Nella sede di Porto Valtravaglia (Varese), la Fondazione porta avanti il progetto “Un Porto Nuovo”, rivolto a minori tra i 14 e i 18 anni, tra cui ragazzi con disagi familiari, minori stranieri non accompagnati e giovani provenienti dal circuito penale. L’obiettivo è accogliere e formare fino a 90 ragazzi al giorno, promuovendone l’inclusione sociale e l’autonomia lavorativa. Un traguardo possibile anche grazie a una campagna di crowdfunding realizzata in collaborazione con Banca Intesa Sanpaolo, che punta a raccogliere 400.000 euro per realizzare parte dei lavori di recupero della struttura di un investimento complessivo di 3 milioni di euro. Lo testimoniano anche le parole di Emanuela Baio, presidente della Fondazione Asilo Mariuccia: “I dati parlano chiaro: numeri che richiamano con forza la responsabilità collettiva di proteggere i più vulnerabili e di creare spazi sicuri e opportunità di recupero. In questo contesto si inserisce “Un Porto Nuovo”, un progetto con cui ci impegniamo non solo ad accogliere, ma anche ad agire concretamente ogni giorno per spezzare il ciclo del disagio e della violenza. Vogliamo offrire ai ragazzi la possibilità concreta di rimettersi in piedi, attraverso formazione, ascolto e relazioni sane. Qui non si giudica, si costruisce — continua Baio — Restituiamo dignità, fiducia, autonomia lavorativa. E lo facciamo partendo da ciò che spesso manca: il rispetto dell’identità di ciascuno. Questo progetto è una sfida culturale tanto quanto sociale: dimostrare che nessun ragazzo è irrecuperabile, se trova adulti capaci di crederci davvero”.

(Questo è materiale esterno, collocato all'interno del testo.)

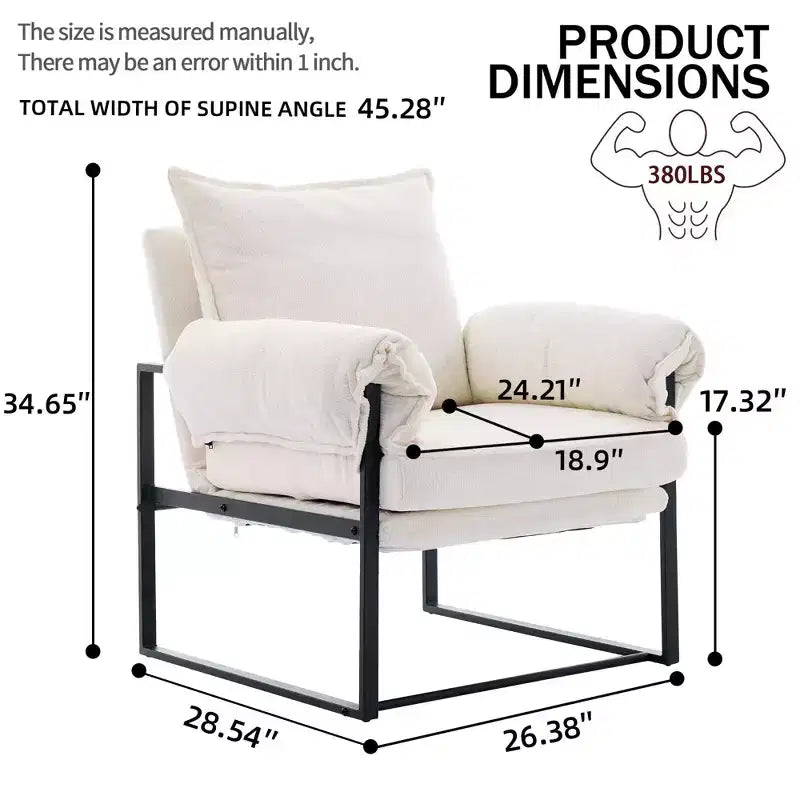 Fauteuil inclinable moderne en chenille avec accoudoirs réglables, dossier rembourré et cadre en métal noir, fauteuil de relaxation pour les salons et les espaces de détente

Dal 2001, presso la sede di Porto Valtravaglia, la Fondazione Asilo Mariuccia ha attivato un laboratorio di educazione al lavoro, pensato per offrire ai ragazzi un primo approccio al mondo professionale e accompagnarli nel percorso verso l’autonomia, un intervento per contrastare il disagio giovanile e costruire spazi sicuri, in cui i minori, anche i cosiddetti Net, hanno potuto ritrovare fiducia, riconoscere il proprio valore e riprendere in mano il proprio futuro. Per Fondazione Asilo Mariuccia l’inserimento lavorativo è il primo passo per garantire ai ragazzi una prospettiva di integrazione, all’interno della società, anche come cittadini. A testimoniare la validità di questo approccio, c’è la storia di Amen, 22 anni, originario della Tunisia. La sua è la storia di un ex minore non accompagnato che, grazie alla propria forza di volontà e al percorso educativo intrapreso con la Fondazione Asilo Mariuccia, è oggi un giovane imprenditore in erba. Un esempio tangibile di integrazione, impegno e gratitudine, che dimostra come, se supportati nel modo giusto, anche i percorsi più difficili possano diventare storie di rinascita: “Ho lasciato la mia terra sei anni fa con mia madre e mio fratello. Durante il viaggio verso l’Italia, dopo nove ore in acqua, il mio unico obiettivo era arrivare. Dopo un primo periodo in Sicilia, siamo riusciti con molte difficoltà a trasferirci al Nord. A 16 anni, io e mio fratello, dormivamo in strada e con un intervento della Questura siamo entrati nella comunità dell’Asilo Mariuccia. Quegli anni sono stati fondamentali per costruire la mia persona: ho imparato a lavorare sui miei difetti, a convivere con gli altri ragazzi e a trovare il mio spazio, grazie anche agli educatori. Oggi vivo e lavoro a Luino come addetto ortofrutta, barista e receptionist con un contratto a tempo indeterminato. Il mio sogno è lanciare un mio brand di abbigliamento: la moda è la mia passione e voglio usarla per raccontare la mia storia. Voglio dimostrare che, se ti impegni e dai il massimo, ce la puoi fare davvero” racconta Amen.